Nous petit déjeunons dans le même bar que la veille et mettons 2h à décoller.
Le stop du retour démarre à 12h30. Un ouvrier sur la route du travail nous avance d’une dizaine de kilomètres. Un père de famille de 20 de plus. Un duo de petit vieux de 30 km. A Sainte Rose du Nord, nous auto-stoppons sur une zone parfaite, en bas d’un côte, bien visible avec un petit parking d’arrêt sur la seule route possible vers Tadoussac. Enorme surprise de devoir attendre près de 2 heures. Les gros Pick up et les femmes ne s’arrêtent toujours pas. Nous ne comprenons pas pourquoi personne ne s’arrête. Jusque là, c’était très rapide. Facteur chance.
Finalement, c’est un couple dans une toute petite voiture qui fait une grosse marche arrière. Ils se demandaient s’ils avaient de la place. Oui ! Habitants du Lac Saint Jean, ils rendaient visite à Sept Iles (bien plus haut que Tadoussac!) à leur petite fille née en juin. Elle est bavarde. Ils insistent pour que nous skypions avec leur connexion. Nos parents n’étant pas prévenus, personne n’a répondu. Le geste reste bon.

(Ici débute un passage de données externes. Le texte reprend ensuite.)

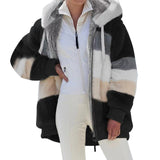 Winter Women's Jacket Plush Patchwork Zipper Pocket Hooded Jacket Fur Woman Coat Plus Size Thick Warm Women Top Winter Outerwear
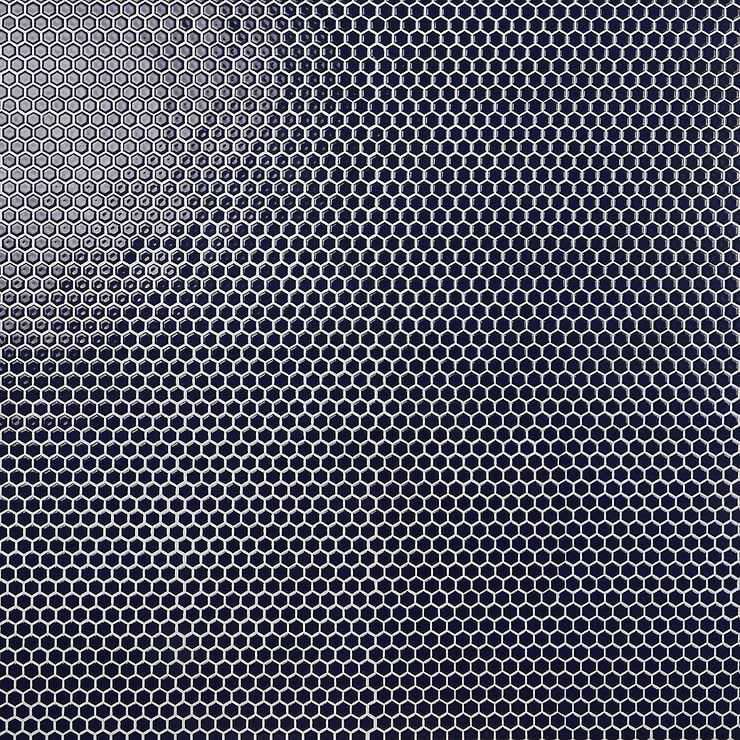 Eden 2.0 Royal Blue Rimmed 1" Hexagon Polished Porcelain Mosaic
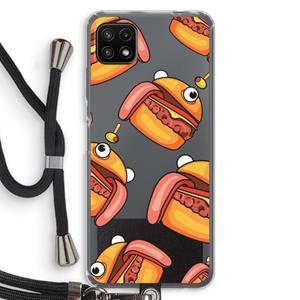 CaseCompany Hamburger: Samsung Galaxy A22 5G Transparant Hoesje met koord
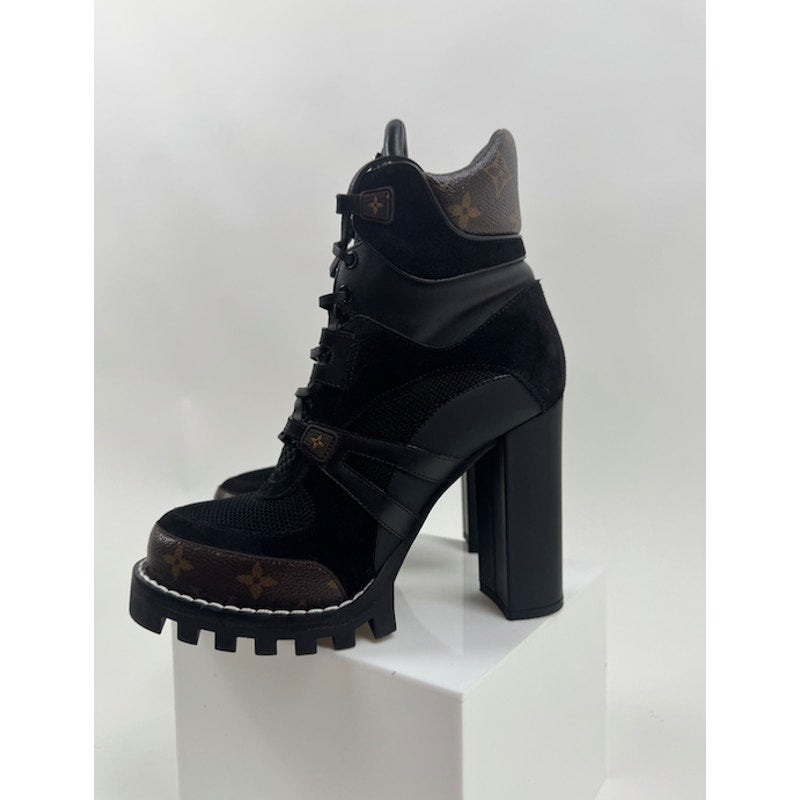 Louis Vuitton Laureate Black Platform High Heel Ankle Boots EU 40 US 9.5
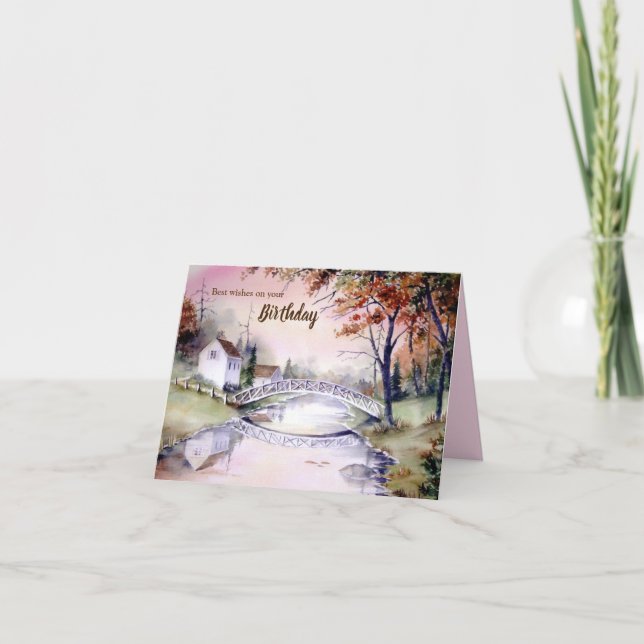 General Birthday Arched Bridge Wasserfarbenmalerei Ankündigung (Vorderseite)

Ils font un grand détour pour nous déposer devant l’auberge et nous claquent une bise chaleureuse. Le couple de Saint Jean restera dans ma mémoire comme une belle et généreuse rencontre. Encore une fois.
Il faut que j’achète le livre qu’elle m’a conseillé qui allie Afrique et Canada. ( j’ai oublié le titre).
C’est frigorifiées et malades que nous arrivons à notre chère auberge roots définitivement hippie. L’un des bénévoles joue de la guitare pieds nus sur le perron.




Depuis mon lit, où je me réchauffe en buvant un thé à l’érable, j’entends le banjo, puis une personne réviser ses morceaux de piano.
Je m’endors sur du cœur de pirate instrumental « comme des enfants ». Encore un signe musical.
A 19h30, un groupe arrive et nous tire du sommeil. Nous descendons faire notre dernier repas dans cette auberge où je me sens chez moi. Les débuts ont été difficiles mais maintenant je trouve cet endroit chaleureux et on y vit comme à la maison. Il y a toujours un artiste qui fait de la musique ou de la peinture. J’aime manger sur les accords de Lettre à France ce soir. Un autre signe.
Ecrire mes souvenirs sur un air de guitare, c’est tellement reposant. Je ne veux jamais oublier comment je me suis approprié ce grand chalet, cette ambiance 70’s.
En ce samedi matin, nos voisines de chambre nous déposent en voiture en haut de la côte d’1km. La commerçante du dépanneur n’est pas du tout aimable et nous attendons le bus en plein soleil. L’odeur du froid et des conifères. Avec ce ciel bleu, je me sens à la montagne. Je veux aller skier.
Je culpabilise un peu de ne pas étudier. ça passera.